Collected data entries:
^^^^^^^^

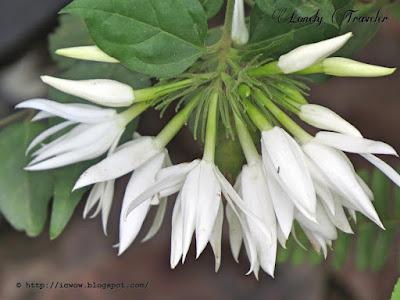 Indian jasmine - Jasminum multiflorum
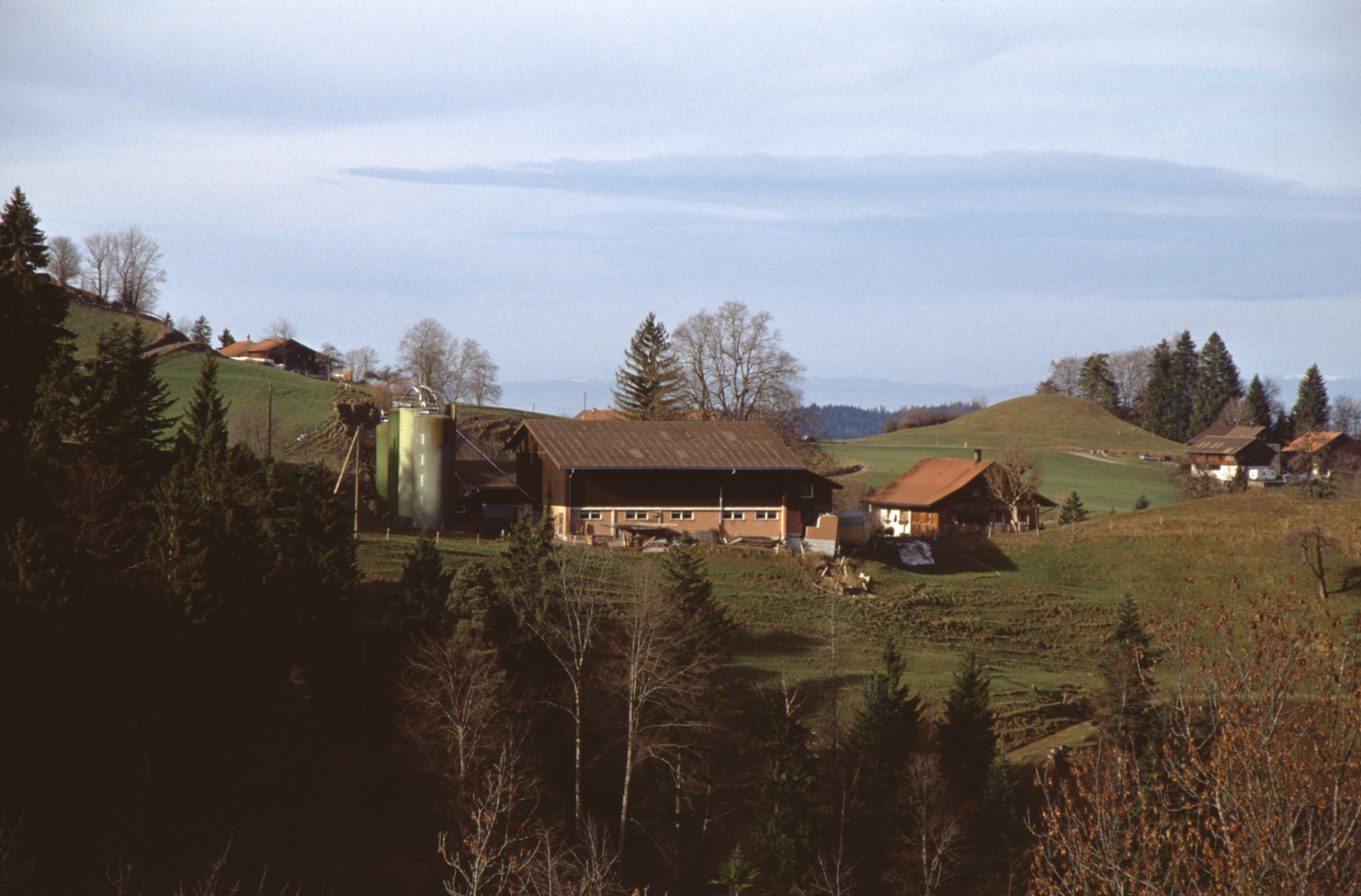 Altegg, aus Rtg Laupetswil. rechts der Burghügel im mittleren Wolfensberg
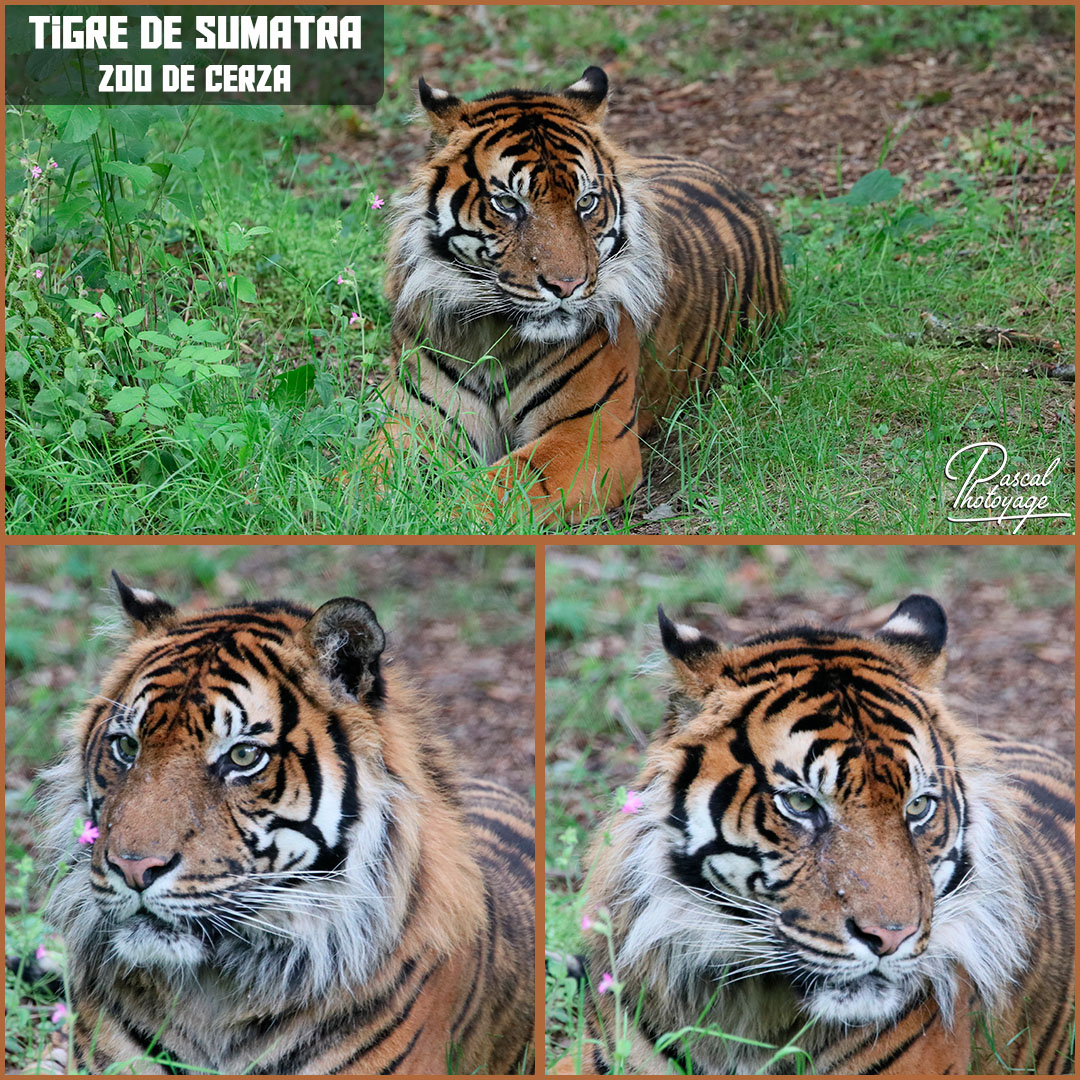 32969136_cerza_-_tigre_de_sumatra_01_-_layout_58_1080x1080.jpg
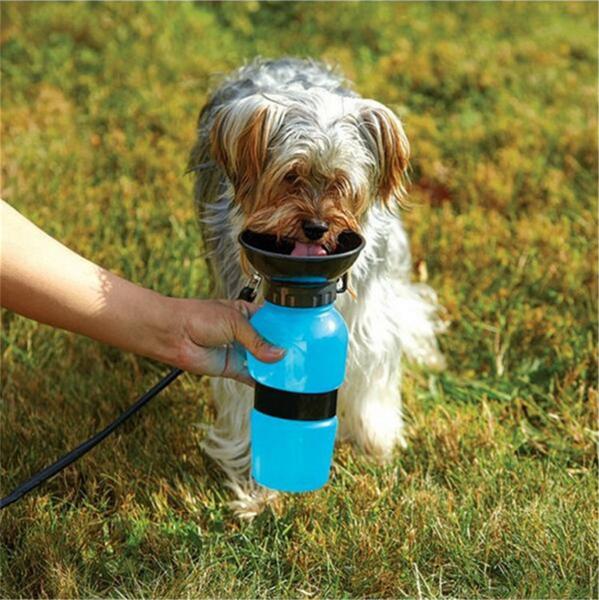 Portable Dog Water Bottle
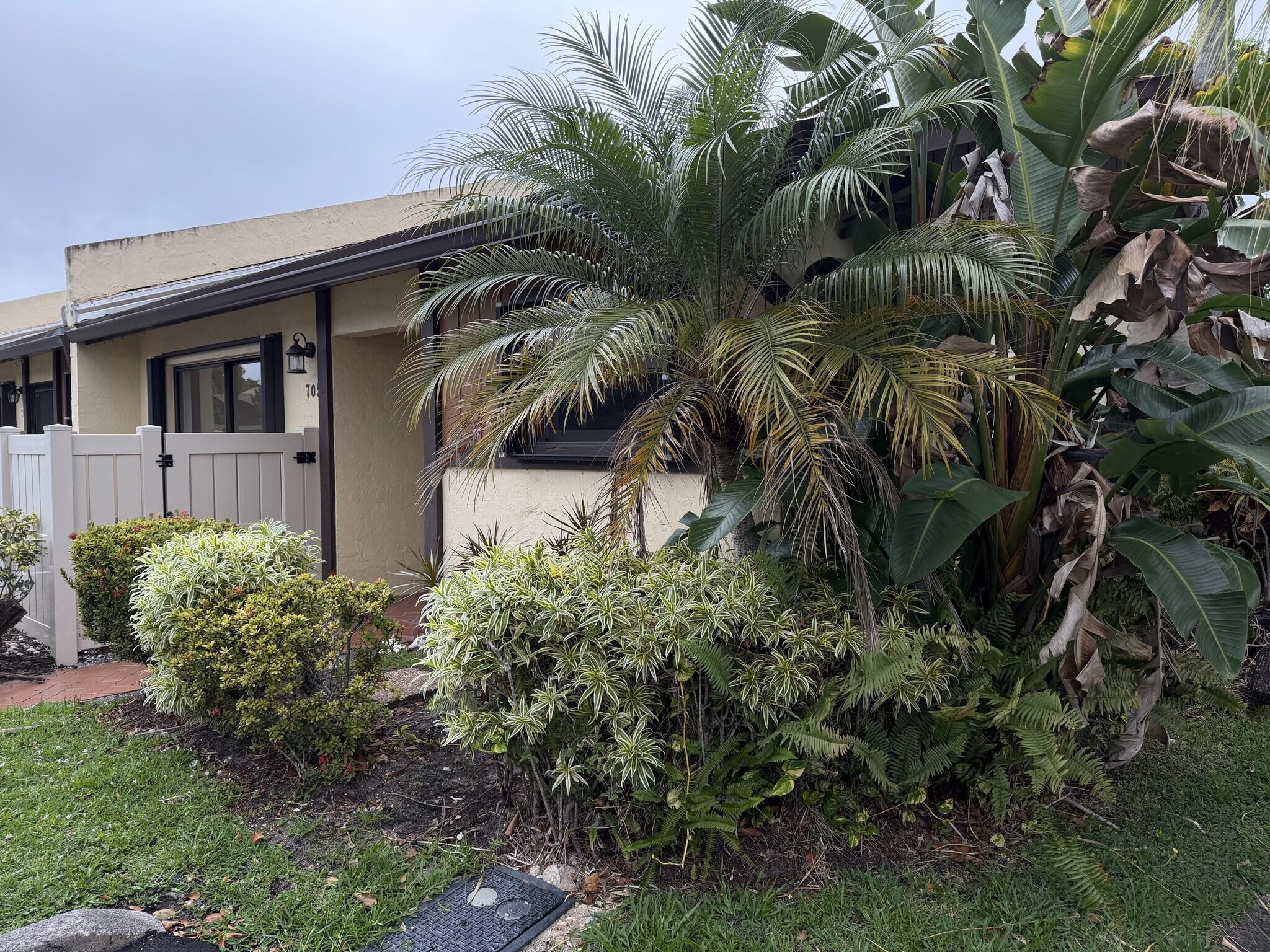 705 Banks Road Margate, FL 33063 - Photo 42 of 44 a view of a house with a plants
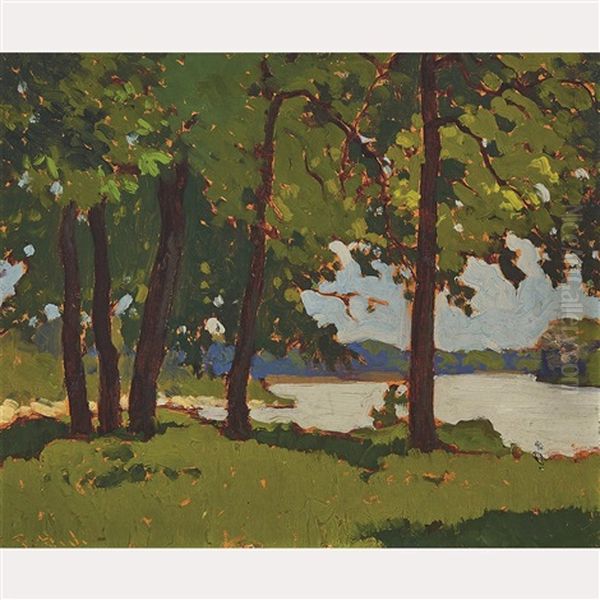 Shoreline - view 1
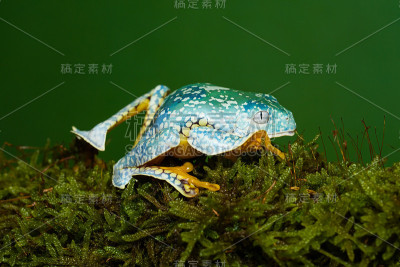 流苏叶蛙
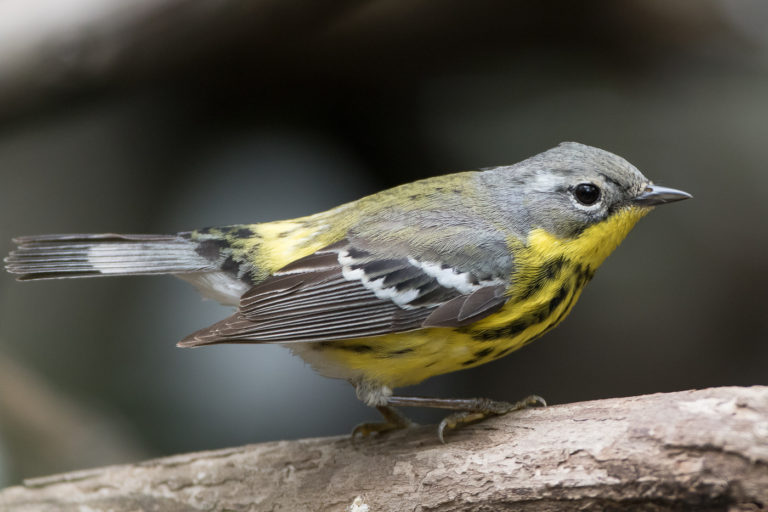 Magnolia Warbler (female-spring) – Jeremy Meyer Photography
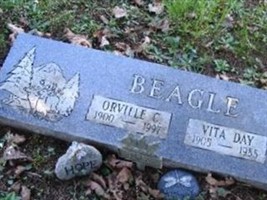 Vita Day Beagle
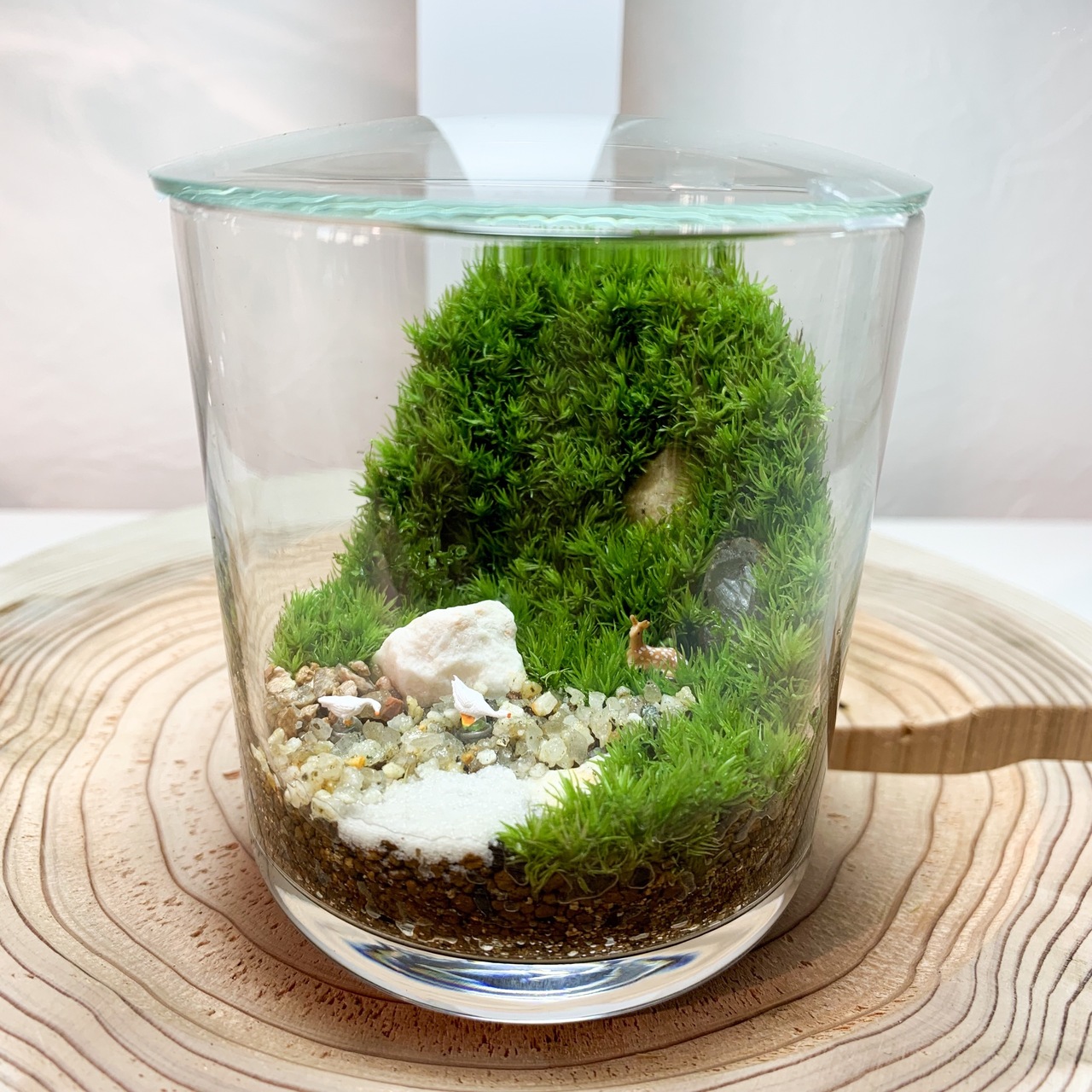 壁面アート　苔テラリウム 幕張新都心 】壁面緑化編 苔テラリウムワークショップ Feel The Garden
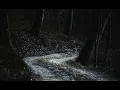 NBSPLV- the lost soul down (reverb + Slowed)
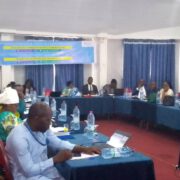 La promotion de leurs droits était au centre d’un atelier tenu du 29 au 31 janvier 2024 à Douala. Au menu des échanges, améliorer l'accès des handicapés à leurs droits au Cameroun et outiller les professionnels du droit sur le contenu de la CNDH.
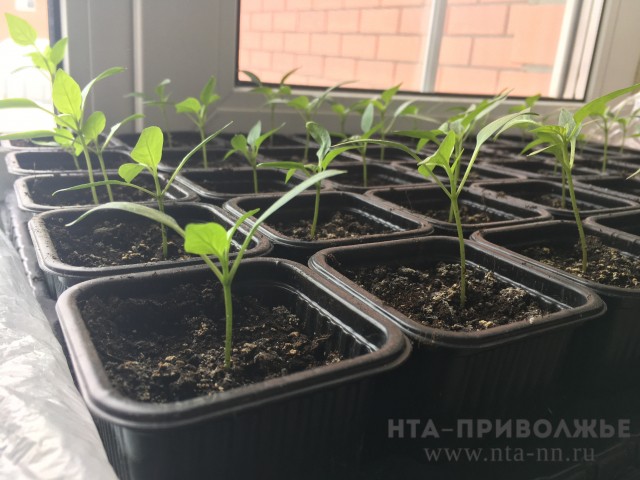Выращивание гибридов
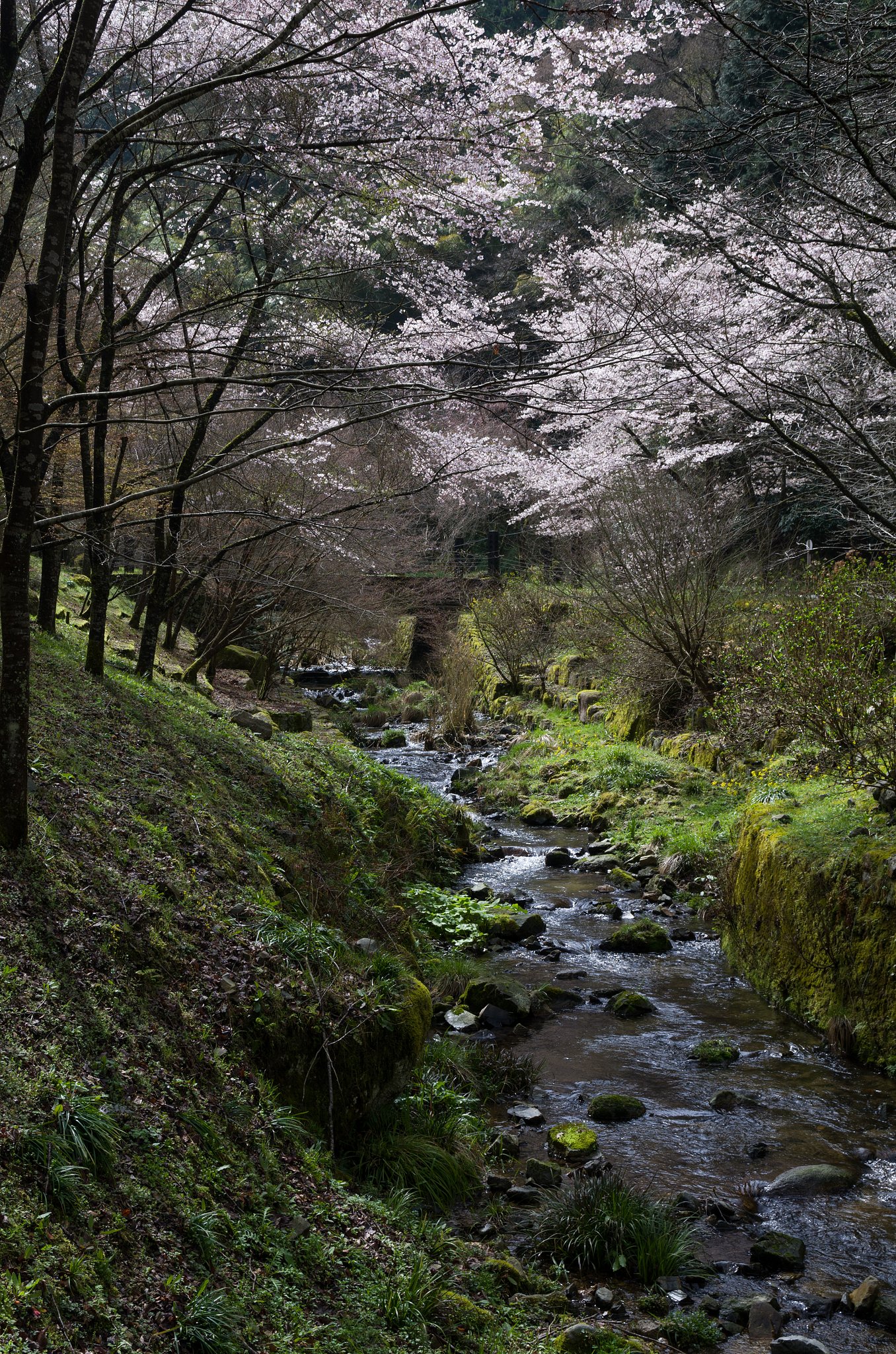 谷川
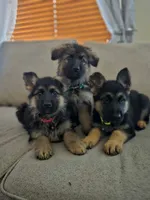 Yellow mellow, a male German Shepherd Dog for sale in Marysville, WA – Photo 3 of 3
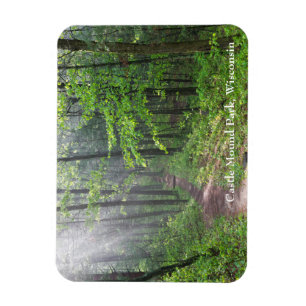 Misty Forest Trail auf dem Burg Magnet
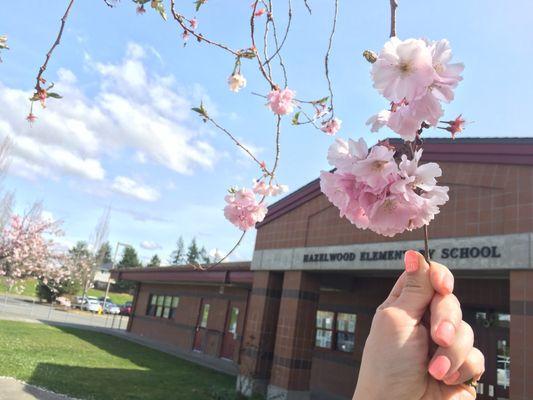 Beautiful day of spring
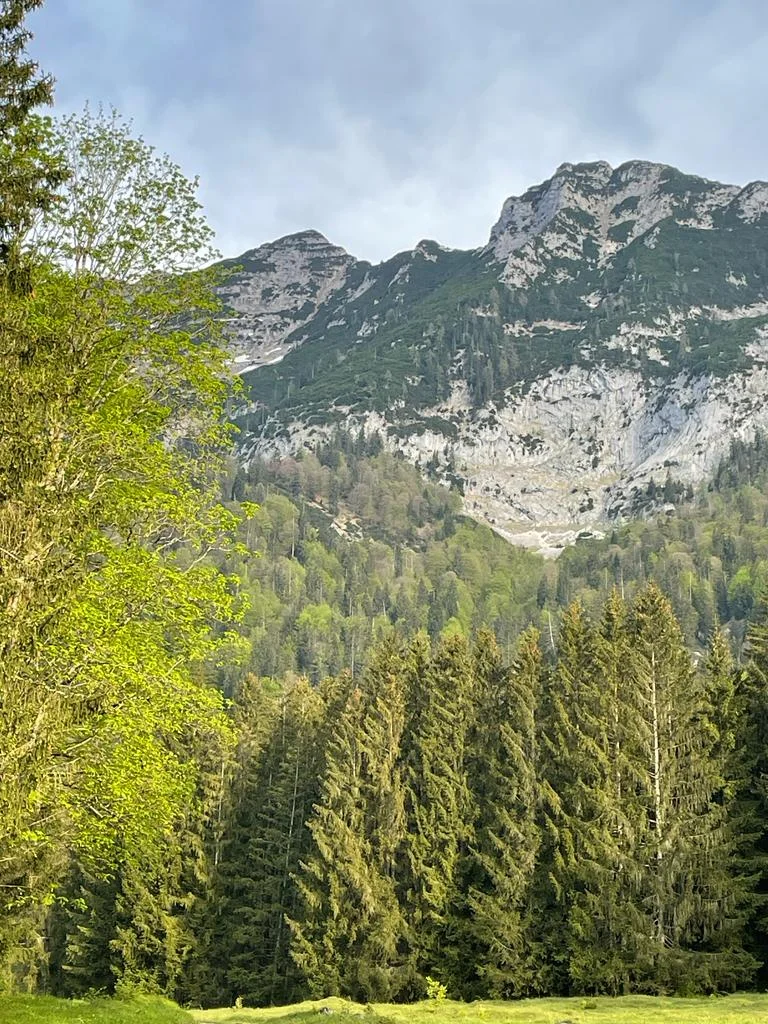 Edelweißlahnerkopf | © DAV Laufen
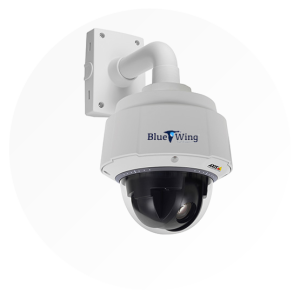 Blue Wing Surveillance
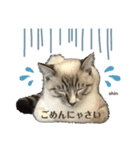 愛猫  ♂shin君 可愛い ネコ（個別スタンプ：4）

^^^^^^^^

> **WORK TO COMPLETE**:
Retype all the records exactly and keep out every picture.

> **TASK ANSWER**:
 Indian jasmine - Jasminum multiflorum
 Altegg, aus Rtg Laupetswil. rechts der Burghügel im mittleren Wolfensberg
 32969136_cerza_-_tigre_de_sumatra_01_-_layout_58_1080x1080.jpg
 Portable Dog Water Bottle
 705 Banks Road Margate, FL 33063 - Photo 42 of 44 a view of a house with a plants
 Shoreline - view 1
 流苏叶蛙
 Magnolia Warbler (female-spring) – Jeremy Meyer Photography
 Vita Day Beagle
 壁面アート　苔テラリウム 幕張新都心 】壁面緑化編 苔テラリウムワークショップ Feel The Garden
 NBSPLV- the lost soul down (reverb + Slowed)
 La promotion de leurs droits était au centre d’un atelier tenu du 29 au 31 janvier 2024 à Douala. Au menu des échanges, améliorer l'accès des handicapés à leurs droits au Cameroun et outiller les professionnels du droit sur le contenu de la CNDH.
Выращивание гибридов
 谷川
 Yellow mellow, a male German Shepherd Dog for sale in Marysville, WA – Photo 3 of 3
 Misty Forest Trail auf dem Burg Magnet
 Beautiful day of spring
 Edelweißlahnerkopf | © DAV Laufen
 Blue Wing Surveillance
 愛猫  ♂shin君 可愛い ネコ（個別スタンプ：4）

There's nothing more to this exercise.